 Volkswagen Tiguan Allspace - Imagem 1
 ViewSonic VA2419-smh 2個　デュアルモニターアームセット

----

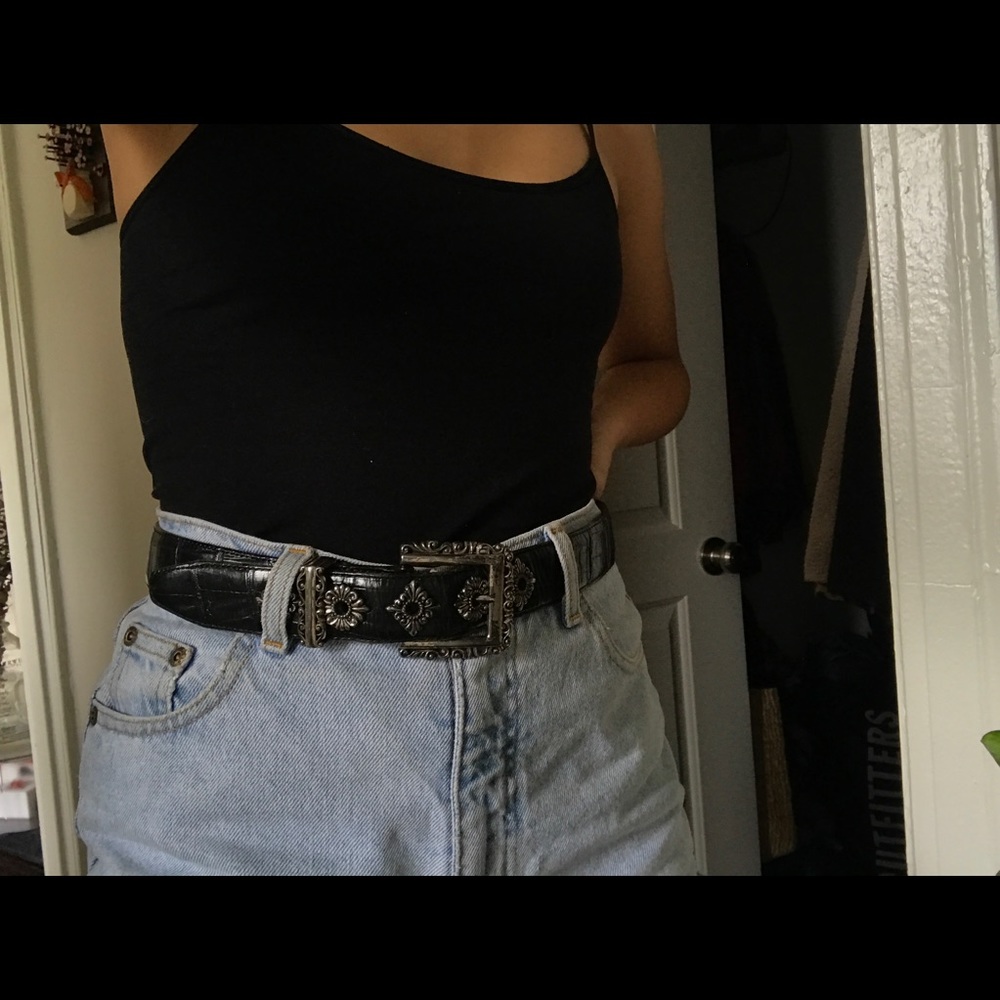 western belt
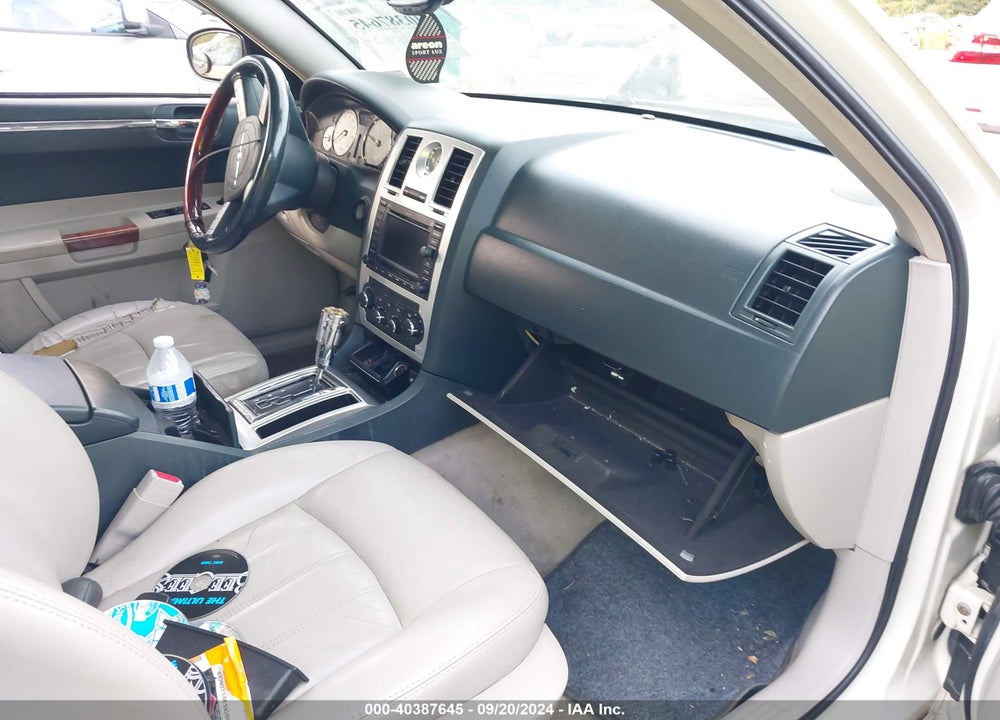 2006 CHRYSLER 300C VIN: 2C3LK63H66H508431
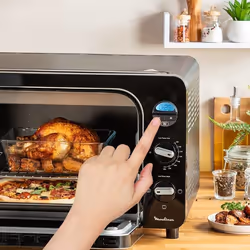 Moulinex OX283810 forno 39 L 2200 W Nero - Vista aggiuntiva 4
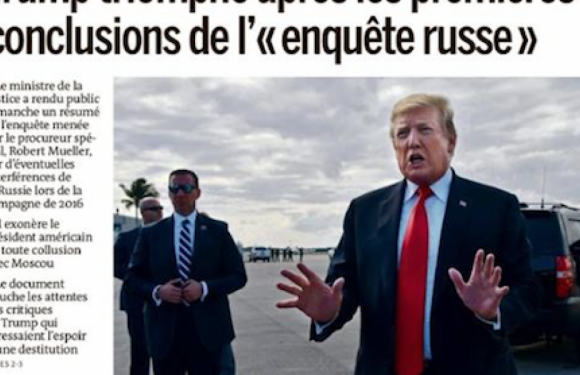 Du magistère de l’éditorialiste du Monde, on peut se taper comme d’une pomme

----

Whatever else the listing above holds, retype exactly only the lines from the one containing "Volkswagen Tiguan Allspace - Imagem 1" to the one containing "ViewSonic VA2419-smh 2個　デュアルモニターアームセット", both ends kept.

 Volkswagen Tiguan Allspace - Imagem 1
 ViewSonic VA2419-smh 2個　デュアルモニターアームセット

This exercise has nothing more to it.